The Peril of Free Market
Bharat Jhunjhunwala

Modern political think ing holds that individual free dom may be restricted to secure public good. The freedom of the businessman to indiscriminately promote the consumption of cigarettes, for example, has been restricted. Manufacturers are required to display a warning stating that smoking is injurious to health. The use of harmful chemicals in eatables, manufacture of polluting vehicles, and reservations for Small Industries have been imposed in order to promote public good even though freedom of the individual is restricted.

This principle of 'earning profit while promoting public good' stands opposed to the principle of free market. Famous economist Adam Smith had propounded this principle about 200 years ago. He said that competition in a free market spontaneously establishes public good as if an invisible hand was guiding the businessmen. There was no need to separately worry about public good or to impose restrictions on businesses. His logic was like this. Competition in the market pushes the businesses to produce goods at lowest cost. This leads to cheap goods being made available to the people. The slum dwellers today have the pleasure of watching the TV and drinking cold water from the refrigerator because of the steep reduction in the price of these goods. Thus Adam Smith suggested that the government must not interfere in the market. Public good will be secured automatically by leaving the businessmen to compete with each other.

Now there are wo mutually contradictory principles for securing public good. Political theory says that the government must intervene in the market and give it a proper direction. Economic theory of Adam Smith, on the other hand, says that government must keep its hands off the market and let the businesses determine the type- and price of goods that are manufactured.

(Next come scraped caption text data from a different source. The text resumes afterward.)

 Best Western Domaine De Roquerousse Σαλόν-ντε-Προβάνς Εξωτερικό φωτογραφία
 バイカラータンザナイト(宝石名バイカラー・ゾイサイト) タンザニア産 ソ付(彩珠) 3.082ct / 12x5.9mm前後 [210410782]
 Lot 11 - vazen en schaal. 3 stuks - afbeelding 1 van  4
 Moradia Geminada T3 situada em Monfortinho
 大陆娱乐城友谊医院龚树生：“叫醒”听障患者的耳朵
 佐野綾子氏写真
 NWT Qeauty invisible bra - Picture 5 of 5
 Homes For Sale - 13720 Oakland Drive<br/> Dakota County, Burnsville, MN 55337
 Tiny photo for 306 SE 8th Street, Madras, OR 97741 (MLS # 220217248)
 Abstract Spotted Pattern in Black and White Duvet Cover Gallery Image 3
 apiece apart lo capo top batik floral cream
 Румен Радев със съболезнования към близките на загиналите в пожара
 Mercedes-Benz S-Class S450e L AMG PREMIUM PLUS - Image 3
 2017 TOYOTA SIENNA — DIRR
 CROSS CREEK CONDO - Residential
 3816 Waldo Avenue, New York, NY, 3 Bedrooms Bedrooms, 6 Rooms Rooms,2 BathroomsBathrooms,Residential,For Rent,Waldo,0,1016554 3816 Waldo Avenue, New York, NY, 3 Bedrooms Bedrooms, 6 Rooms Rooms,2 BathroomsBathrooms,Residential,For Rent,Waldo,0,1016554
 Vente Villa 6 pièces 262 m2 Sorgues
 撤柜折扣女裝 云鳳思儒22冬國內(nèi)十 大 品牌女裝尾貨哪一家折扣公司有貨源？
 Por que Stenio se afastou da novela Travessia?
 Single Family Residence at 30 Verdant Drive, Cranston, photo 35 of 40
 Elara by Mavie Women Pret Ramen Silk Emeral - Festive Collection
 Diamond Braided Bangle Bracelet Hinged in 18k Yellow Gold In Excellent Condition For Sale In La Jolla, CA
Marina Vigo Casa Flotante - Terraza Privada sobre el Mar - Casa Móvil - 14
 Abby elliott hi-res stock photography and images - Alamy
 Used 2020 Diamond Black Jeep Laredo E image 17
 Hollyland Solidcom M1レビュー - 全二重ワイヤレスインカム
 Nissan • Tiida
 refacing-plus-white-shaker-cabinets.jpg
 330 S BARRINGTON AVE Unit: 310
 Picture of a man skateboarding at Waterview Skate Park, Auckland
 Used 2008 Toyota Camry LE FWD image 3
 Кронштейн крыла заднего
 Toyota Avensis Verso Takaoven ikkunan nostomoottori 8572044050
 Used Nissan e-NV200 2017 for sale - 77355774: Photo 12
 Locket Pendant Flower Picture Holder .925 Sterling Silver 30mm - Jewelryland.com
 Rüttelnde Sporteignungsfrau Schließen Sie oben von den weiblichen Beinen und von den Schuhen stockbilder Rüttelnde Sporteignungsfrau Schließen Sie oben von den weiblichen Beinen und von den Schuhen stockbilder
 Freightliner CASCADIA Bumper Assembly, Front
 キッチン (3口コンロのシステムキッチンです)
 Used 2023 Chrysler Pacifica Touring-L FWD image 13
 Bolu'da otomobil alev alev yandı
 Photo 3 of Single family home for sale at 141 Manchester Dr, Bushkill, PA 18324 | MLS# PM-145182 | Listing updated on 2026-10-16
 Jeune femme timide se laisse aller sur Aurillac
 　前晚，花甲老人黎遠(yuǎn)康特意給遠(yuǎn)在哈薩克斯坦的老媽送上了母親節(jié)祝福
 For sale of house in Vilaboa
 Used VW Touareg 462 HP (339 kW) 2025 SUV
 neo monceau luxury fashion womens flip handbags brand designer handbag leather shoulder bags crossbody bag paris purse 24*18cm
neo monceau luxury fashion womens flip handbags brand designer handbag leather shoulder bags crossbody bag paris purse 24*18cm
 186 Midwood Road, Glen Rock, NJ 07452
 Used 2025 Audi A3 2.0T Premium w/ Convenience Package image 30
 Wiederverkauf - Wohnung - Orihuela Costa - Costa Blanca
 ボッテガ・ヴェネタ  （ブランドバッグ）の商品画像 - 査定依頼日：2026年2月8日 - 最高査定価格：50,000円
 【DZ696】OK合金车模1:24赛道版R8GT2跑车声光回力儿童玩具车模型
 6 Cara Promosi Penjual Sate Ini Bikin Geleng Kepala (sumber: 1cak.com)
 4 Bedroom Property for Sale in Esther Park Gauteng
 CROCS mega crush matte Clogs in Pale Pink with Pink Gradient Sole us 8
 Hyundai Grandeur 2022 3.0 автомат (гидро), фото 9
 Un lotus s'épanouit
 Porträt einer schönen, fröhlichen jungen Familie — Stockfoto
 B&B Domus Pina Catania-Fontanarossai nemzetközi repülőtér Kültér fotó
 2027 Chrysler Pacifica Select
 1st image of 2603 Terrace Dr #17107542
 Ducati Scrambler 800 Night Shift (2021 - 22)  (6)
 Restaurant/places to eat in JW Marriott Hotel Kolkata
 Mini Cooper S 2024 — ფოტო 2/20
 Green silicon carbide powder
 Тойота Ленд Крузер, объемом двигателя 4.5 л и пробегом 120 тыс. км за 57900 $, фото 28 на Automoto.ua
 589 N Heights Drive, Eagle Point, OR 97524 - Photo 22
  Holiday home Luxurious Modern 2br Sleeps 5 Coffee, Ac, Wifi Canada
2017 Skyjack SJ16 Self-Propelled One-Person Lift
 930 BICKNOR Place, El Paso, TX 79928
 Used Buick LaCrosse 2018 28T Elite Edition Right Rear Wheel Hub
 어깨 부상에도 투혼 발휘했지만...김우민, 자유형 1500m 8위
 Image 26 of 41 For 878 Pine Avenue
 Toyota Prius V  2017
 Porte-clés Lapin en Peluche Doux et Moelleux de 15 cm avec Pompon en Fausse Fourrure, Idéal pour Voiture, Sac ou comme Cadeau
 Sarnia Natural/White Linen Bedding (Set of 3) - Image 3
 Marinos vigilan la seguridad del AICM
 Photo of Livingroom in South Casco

The government of India is basically following Adam Smith's principle. Big companies are being given freedom all around. They are free to sell pan masala and bhujia in plastic pouches while the homemaker is prohibited from bringing vegetables home in a plastic bag. The provision of forcible appropriation of land that was made for emergency situations such as that of war is being routinely invoked by state governments to acquire land of helpless farmers for the making of hydropower dams. Protection hitherto provided to small and medium industries is being dismantled in favour of big companies. The all pervading direction of government policies is to provide unrestrained freedom to the businessmen to operate as it pleases them.

According to Smith's vision, this would spontaneously lead to the establishment of public good. But such is not seen to happen. Increasing Naxalite activities are indicative of the deep unrest among the people. The selling of junk foods, synthetic clothes and air-conditioners is leading to deterioration in the health of the people. That said it must be admitted that the material well being of the common man has improved. The poorest have available to them ample food grains provided under BPL schemes and minimum employment under the Employment Guarantee Scheme. But this definition of public good is lopsided. Increased consumption is coming along with unrest due to increasing inequality and deterioration of health of ordinary people. Adam Smith's formula is not delivering on a holistic consideration.

For one thing the government has wrongly understood Adam Smith's formula. The debate in the nineteenth century at the time of Adam Smith was between feudal and capitalist modes of production. Most of Europe was ruled by feudal lords. Production was undertaken under protected barriers of the feudal estates. This led to much inefficiency. A feudal lord could have grains ground at three times the cost than the market because his economy was protected from competition. Adam Smith rightly said that such method of production was inefficient. This did not mean, however, that there should be no control of the government on the market. Adam Smith advocated free markets only for such items that were deemed to be 'good' by the government. Mainstream economists have perverted Smith's principle. They have declared that the government has no role in determining what goods are produced and how. In the result big companies are undertaking production with automatic machines and rendering millions of weavers and farmers jobless. Just as a seemingly clever patient misuses the freedom to walk in the evening to see a movie and suffers in the end; similarly this seemingly clever government is giving the businesses the freedom to produce cigarettes and liquor and hapless people are suffering.